WHAT YOU NEED TO DO:
Your response should consist of the data that follows, repeated in full without alteration.

★ ★ ★ ★ ★ ★ ★

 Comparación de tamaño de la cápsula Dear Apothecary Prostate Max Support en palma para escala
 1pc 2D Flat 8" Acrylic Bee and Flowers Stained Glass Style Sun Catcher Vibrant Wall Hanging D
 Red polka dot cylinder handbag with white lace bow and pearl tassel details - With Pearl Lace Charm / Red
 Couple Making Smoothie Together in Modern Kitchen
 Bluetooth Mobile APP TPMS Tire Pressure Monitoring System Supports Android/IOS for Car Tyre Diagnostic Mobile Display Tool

★ ★ ★ ★ ★ ★ ★

TASK RESPONSE:
 Comparación de tamaño de la cápsula Dear Apothecary Prostate Max Support en palma para escala
 1pc 2D Flat 8" Acrylic Bee and Flowers Stained Glass Style Sun Catcher Vibrant Wall Hanging D
 Red polka dot cylinder handbag with white lace bow and pearl tassel details - With Pearl Lace Charm / Red
 Couple Making Smoothie Together in Modern Kitchen
 Bluetooth Mobile APP TPMS Tire Pressure Monitoring System Supports Android/IOS for Car Tyre Diagnostic Mobile Display Tool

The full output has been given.